#### Exercise brief:
Provide again, from the entries below, every line from the one containing "Die Grafik zeigt" through the one containing "Диабетическая ретинопатия на", exactly as written, and no other line.

#### Exercise data:

::::::::

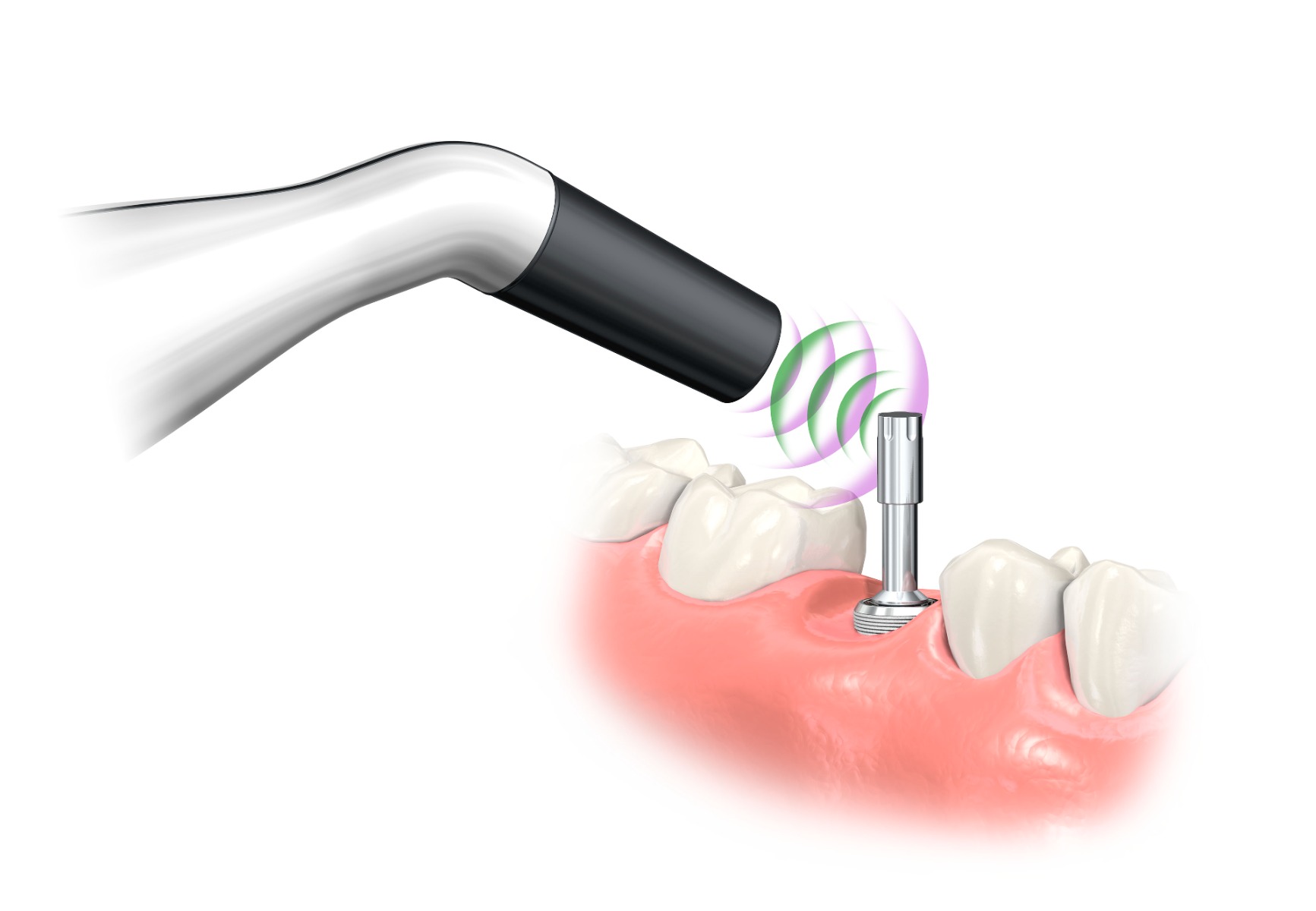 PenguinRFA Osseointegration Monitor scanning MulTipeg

::::::::

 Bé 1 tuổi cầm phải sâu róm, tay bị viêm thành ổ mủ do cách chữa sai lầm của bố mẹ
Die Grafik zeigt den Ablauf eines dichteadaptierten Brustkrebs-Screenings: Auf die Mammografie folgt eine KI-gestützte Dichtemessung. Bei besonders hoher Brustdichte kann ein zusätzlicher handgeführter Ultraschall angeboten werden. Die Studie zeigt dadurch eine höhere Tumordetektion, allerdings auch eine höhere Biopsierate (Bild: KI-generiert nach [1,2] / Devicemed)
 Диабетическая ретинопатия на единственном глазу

::::::::

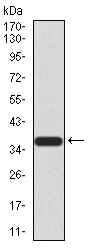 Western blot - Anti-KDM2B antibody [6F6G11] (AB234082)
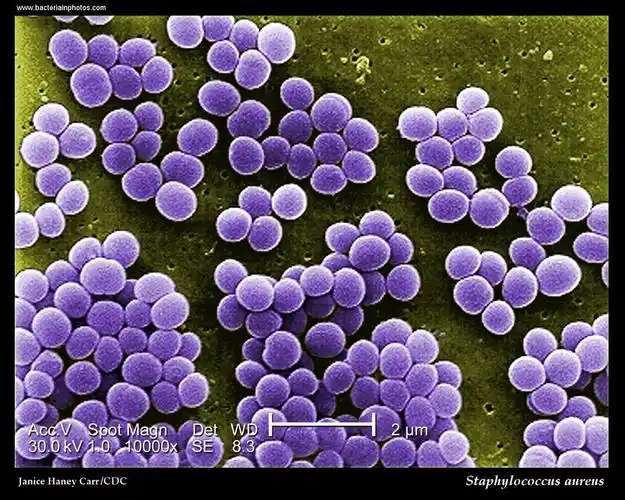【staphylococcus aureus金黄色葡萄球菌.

::::::::

#### Answer box:
Die Grafik zeigt den Ablauf eines dichteadaptierten Brustkrebs-Screenings: Auf die Mammografie folgt eine KI-gestützte Dichtemessung. Bei besonders hoher Brustdichte kann ein zusätzlicher handgeführter Ultraschall angeboten werden. Die Studie zeigt dadurch eine höhere Tumordetektion, allerdings auch eine höhere Biopsierate (Bild: KI-generiert nach [1,2] / Devicemed)
 Диабетическая ретинопатия на единственном глазу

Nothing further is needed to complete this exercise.